La maîtresse du mari était idéale. Elle aurait choisi une femme comme elle, même née homme.

Cher journal,

Aujourdhui, je me suis retrouvée à repenser à cette femme que mon mari a rencontrée il y a quelques semaines, dans un quartier un peu éloigné du centre de Lyon. Elle sappelle Élodie, la maîtresse de mon époux. Si elle était un homme, je suis sûre quil laurait choisi sans hésiter. Certaines femmes savent exactement ce quelles valent; elles marchent avec assurance, portent une tenue sobre, regardent droit dans les yeux, écoutent jusquau bout. Elles ne se précipitent pas, leurs gestes ne sont pas agités, elles nont pas besoin dexposer leurs épaules ou de brandir la poitrine pour être remarquées. Elles conservent une sérénité royale qui ne les laisse jamais se perdre.

Et peutêtre que mon mari la choisie précisément parce quelle était tout le contraire de lui. Moi, quoi? Toujours en sprint, je hausse le ton avec les enfants ou avec lui, je laisse tomber tout ce que je tiens entre les mains, je narrive jamais à me concentrer sur rien. Au travail, je suis constamment en retard, les chefs sont toujours mécontents. Je porte en permanence pantalon et teeshirt ou pull, parce que qui aurait le temps de mettre une robe ou un chemisier? Je ne me souviens même plus la dernière fois où jai repassé du dentelle ou du satin; le sèchelinge dernier cri me libère de cette contrainte.
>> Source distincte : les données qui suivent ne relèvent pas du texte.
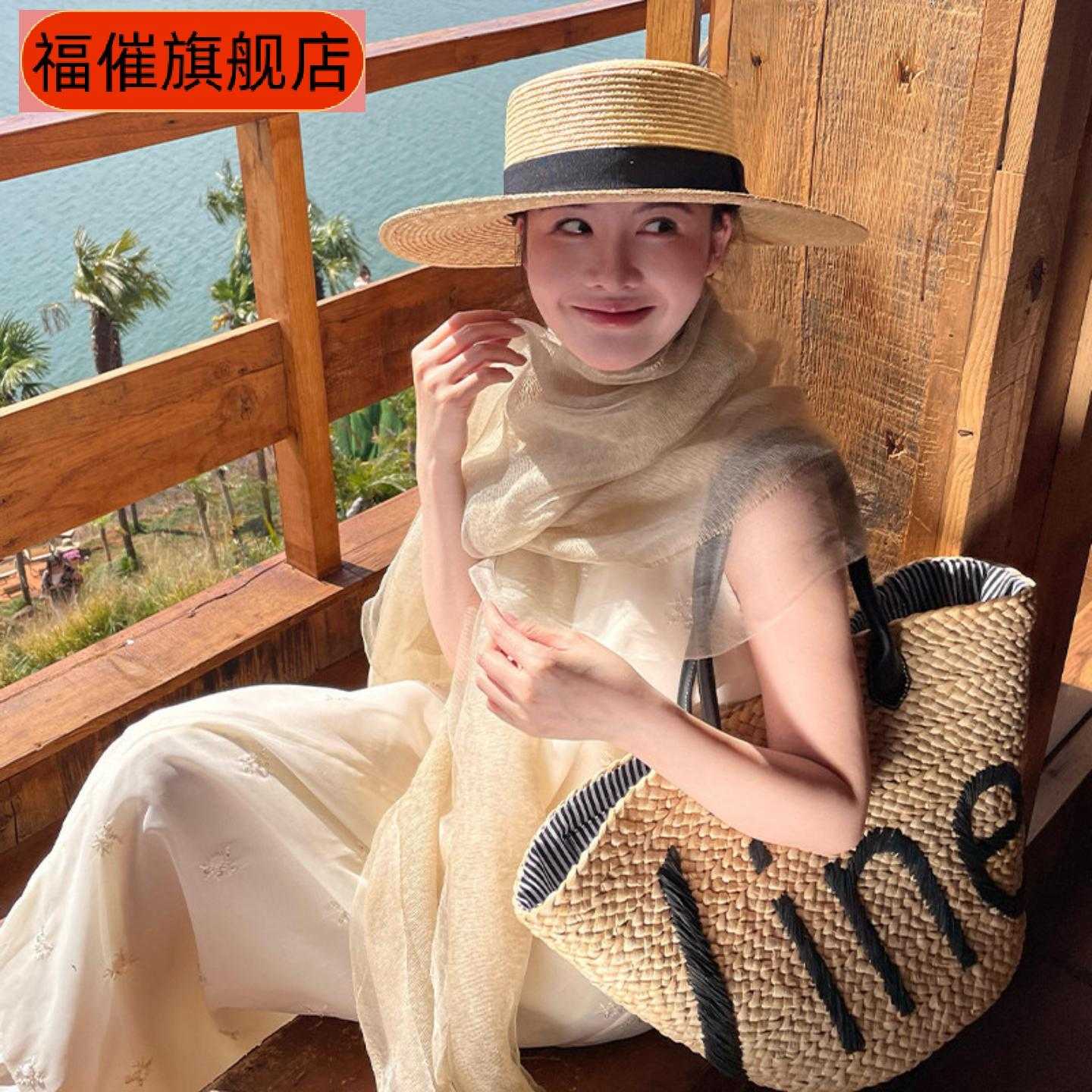 米色丝巾轻薄女士新款含羊毛轻奢桑蚕丝领巾披肩围巾纱巾外搭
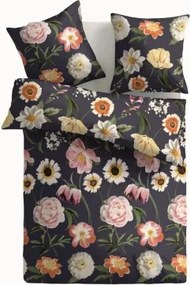 Obliečky Elisabeth, čierne s farebnými kvetmi%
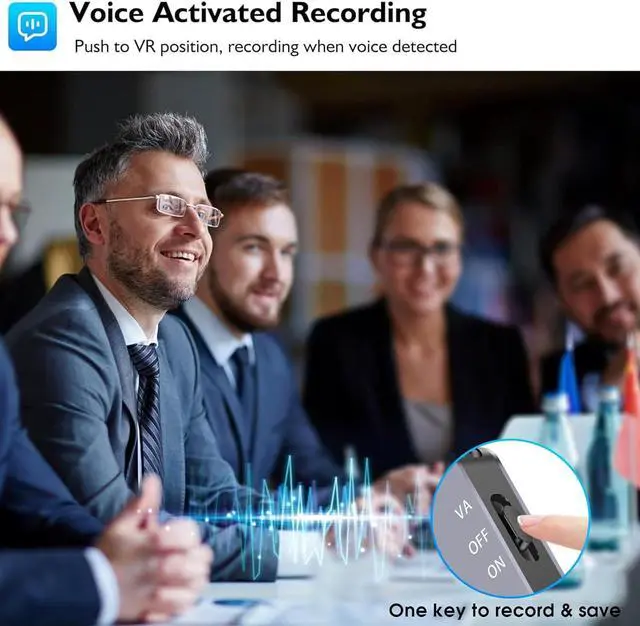 Alt view image 6 of 7 - 128GB magnetic digital recorder - 1520 hours of recording storage Voice-activated recorder with playback noise reduction - Recorder device for lectures, meetings, interviews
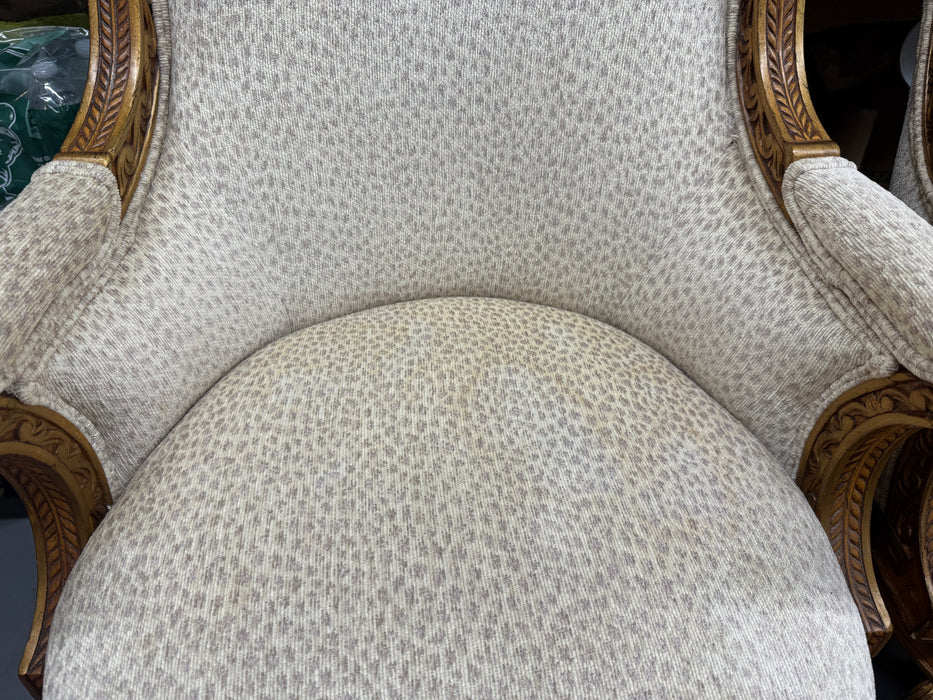 Ferguson Copeland Italian Provincial Style Leopard Upholstery Bar Stool, a Pair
Élodie, en revanche, était impeccable. Sa silhouette, sa démarche, ses longues jambes, ses cheveux volumineux, ses yeux clairs, son visage ravissant Jen étais restée sans voix dès le premier regard. Depuis ce jour, je nai plus pu respirer calmement. Tout a commencé lors dune mission professionnelle dans un arrondissement plus calme de la ville. Fatiguée et affamée, je suis entrée par hasard dans un petit café. Il était plein, seul un coin de table était libre. Je me suis assise, ai levé les yeux au-dessus du menu, et tout mest paru familier: le visage de lhomme qui était derrière le comptoir, mon mari. Et puis je lai vu, elle, Élodie.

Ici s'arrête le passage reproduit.